(Bloomberg) -- Palantir Technologies Inc. Chief Executive Officer Alex Karp said the company’s strategy to reach new business clients is working, especially in the US.

“Palantir is growing like a weed in the US. Our products are succeeding,” Karp said in an interview with Bloomberg Television that will air Wednesday. Palantir, which was co-founded by billionaire Peter Thiel, is a Colorado-based data technology company with a market value of about $17 billion. 

Palantir also announced a five-year, $50 million deal Wednesday to provide its data software to Japan’s Sompo Holdings and the group’s related companies. Sompo has been a Palantir customer since 2019 and now uses the data management and intelligence software in its insurance and health care operations. The company will expand its use of Palantir to more employees with deal. 

The arrangement is small in dollar terms – analysts estimated Palantir took in $1.9 billion in revenue in 2022 — but it’s something of a vindication of Palantir’s commercial sales strategy to gain a foothold in large companies and expand. 

Karp touted Palantir’s progress with commercial clients on Wednesday at a private event located at the company’s former Silicon Valley headquarters. “We’re pretty close to cracking the nut in the US and now we need to expand this” to other countries, he said.

Palantir’s new commercial customers, including J.D. Power and Dish Network Corp., also attended or presented at Wednesday’s event. Palantir is expected to report its year-end financial results on Feb. 13.

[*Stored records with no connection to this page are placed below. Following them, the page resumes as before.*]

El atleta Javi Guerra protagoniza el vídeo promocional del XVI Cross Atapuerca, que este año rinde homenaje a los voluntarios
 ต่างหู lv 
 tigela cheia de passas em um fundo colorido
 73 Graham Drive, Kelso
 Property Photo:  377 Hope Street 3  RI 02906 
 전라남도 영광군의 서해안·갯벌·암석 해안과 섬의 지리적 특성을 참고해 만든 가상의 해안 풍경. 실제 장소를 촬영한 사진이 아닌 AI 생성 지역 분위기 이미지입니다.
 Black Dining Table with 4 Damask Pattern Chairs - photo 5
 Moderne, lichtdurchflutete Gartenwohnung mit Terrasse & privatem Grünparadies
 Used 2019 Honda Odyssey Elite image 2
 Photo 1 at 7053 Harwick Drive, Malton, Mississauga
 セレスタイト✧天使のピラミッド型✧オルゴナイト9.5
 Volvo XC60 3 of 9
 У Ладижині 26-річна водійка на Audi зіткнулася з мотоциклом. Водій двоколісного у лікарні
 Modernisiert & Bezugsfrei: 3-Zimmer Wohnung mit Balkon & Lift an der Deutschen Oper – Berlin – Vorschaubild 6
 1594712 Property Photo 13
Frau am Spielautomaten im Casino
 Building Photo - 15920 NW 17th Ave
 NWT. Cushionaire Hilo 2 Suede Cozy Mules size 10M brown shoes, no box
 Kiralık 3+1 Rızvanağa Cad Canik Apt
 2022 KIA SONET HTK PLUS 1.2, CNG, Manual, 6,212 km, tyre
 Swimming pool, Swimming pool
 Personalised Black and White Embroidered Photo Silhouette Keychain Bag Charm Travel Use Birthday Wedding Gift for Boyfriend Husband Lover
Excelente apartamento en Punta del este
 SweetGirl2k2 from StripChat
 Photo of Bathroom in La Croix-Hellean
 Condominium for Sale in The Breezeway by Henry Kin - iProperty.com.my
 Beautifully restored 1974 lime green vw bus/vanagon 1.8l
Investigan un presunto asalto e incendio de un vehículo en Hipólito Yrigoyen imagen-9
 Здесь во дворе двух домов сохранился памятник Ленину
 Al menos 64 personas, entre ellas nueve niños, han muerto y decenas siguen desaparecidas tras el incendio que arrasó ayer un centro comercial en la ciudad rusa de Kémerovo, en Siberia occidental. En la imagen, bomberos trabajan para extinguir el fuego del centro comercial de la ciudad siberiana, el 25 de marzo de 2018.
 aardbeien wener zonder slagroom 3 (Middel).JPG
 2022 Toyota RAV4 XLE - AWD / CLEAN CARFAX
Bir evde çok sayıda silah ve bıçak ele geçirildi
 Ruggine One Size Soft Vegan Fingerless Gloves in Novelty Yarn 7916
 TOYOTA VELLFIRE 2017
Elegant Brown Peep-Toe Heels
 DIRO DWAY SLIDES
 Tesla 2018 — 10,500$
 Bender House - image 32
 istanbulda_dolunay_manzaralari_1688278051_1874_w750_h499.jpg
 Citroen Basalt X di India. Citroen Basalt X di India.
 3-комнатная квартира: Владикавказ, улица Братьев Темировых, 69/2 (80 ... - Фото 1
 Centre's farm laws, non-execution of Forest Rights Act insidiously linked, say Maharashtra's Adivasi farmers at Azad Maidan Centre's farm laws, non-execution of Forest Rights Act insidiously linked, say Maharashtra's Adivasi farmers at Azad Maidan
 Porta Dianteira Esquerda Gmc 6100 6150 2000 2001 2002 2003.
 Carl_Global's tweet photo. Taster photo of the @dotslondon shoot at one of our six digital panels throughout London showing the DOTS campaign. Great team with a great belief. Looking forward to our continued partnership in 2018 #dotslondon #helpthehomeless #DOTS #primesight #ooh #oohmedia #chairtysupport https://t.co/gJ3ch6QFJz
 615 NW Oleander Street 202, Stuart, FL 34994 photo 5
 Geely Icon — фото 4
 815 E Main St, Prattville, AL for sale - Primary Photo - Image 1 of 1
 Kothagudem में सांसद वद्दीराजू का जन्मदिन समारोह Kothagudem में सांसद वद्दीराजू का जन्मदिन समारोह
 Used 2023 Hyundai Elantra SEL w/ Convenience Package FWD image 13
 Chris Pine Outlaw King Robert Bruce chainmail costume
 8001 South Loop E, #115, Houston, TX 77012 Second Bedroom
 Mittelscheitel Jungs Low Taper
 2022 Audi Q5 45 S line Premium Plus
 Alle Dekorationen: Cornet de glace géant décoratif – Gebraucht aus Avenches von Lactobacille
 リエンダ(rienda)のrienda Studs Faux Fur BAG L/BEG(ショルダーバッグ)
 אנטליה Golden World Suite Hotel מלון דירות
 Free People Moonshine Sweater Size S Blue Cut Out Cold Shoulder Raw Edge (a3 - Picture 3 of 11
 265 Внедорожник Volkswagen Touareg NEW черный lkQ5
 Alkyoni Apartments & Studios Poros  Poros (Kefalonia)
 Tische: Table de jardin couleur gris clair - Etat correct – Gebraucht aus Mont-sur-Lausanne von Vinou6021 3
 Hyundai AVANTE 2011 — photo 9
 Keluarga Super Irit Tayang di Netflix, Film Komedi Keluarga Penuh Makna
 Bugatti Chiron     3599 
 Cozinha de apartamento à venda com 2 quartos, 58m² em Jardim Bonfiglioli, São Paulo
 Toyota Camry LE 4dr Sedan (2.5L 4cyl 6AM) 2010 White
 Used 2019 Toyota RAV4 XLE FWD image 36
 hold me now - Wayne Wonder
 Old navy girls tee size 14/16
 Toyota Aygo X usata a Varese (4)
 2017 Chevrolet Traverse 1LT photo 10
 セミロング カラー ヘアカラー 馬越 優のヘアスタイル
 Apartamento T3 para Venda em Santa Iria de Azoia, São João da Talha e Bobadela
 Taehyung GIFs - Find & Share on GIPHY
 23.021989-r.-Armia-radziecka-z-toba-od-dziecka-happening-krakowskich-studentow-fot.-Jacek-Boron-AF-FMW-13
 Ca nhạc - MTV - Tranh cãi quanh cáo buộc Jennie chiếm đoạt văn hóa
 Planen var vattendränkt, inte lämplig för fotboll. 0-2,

Palantir is coming off a tough year, with its shares falling 65% in 2022. That’s a more severe decline than the tech-heavy Nasdaq Composite Index, which fell 33% last year.

The company, now based in Denver, has famously shunned the California tech scene and its politics. “Silicon Valley has obviously failed in its mission to produce technology that’s useful to the world and makes it a better place,” Karp said.